Would you copy only the lines below, from the one containing "for you tamizha" through the very last one, leaving the pictures out?

::: Supplied material

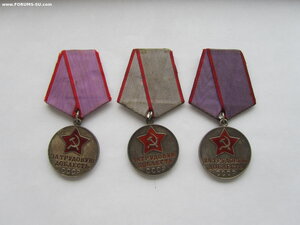 3 медали за ТД.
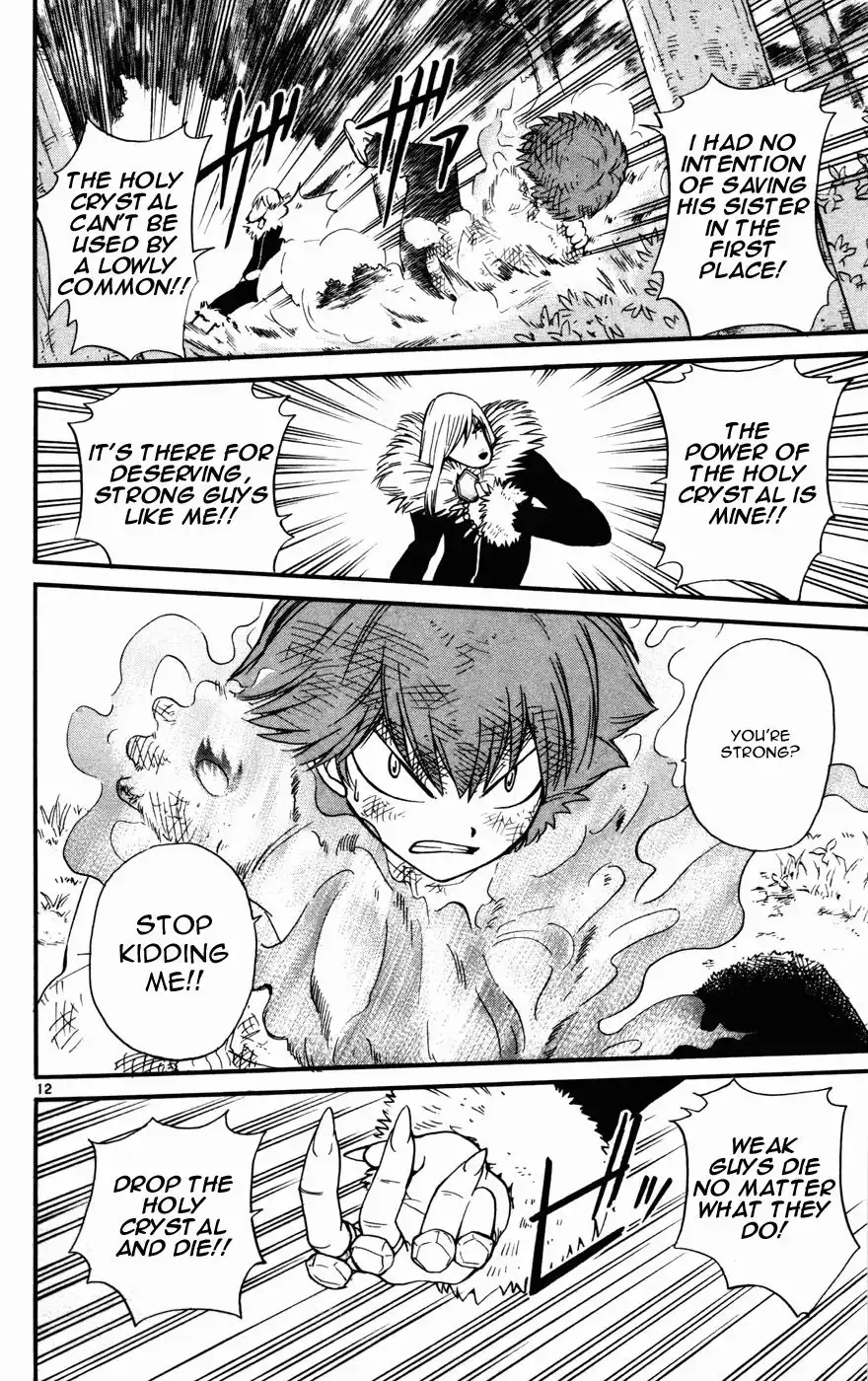 Seikesshou Albatross Chapter 14 12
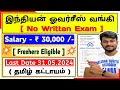 No exam  iob bank jobs 2024   30000 salary  no experience required  jobs for you tamizha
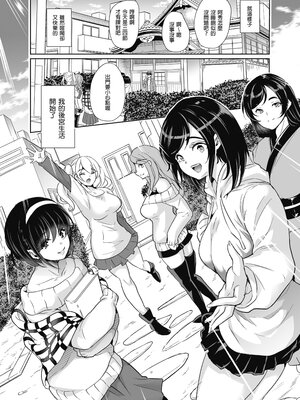 [弥美津峠 (鳳まひろ)] ハーレムシェアハウス 5人の性癖管理を任された僕&nbsp;&nbsp;後宮般的分租套房 5人的性慾管理與被委任的我～ [中文] [無修正]_0043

::::::

Solution below:
 No exam  iob bank jobs 2024   30000 salary  no experience required  jobs for you tamizha
 [弥美津峠 (鳳まひろ)] ハーレムシェアハウス 5人の性癖管理を任された僕&nbsp;&nbsp;後宮般的分租套房 5人的性慾管理與被委任的我～ [中文] [無修正]_0043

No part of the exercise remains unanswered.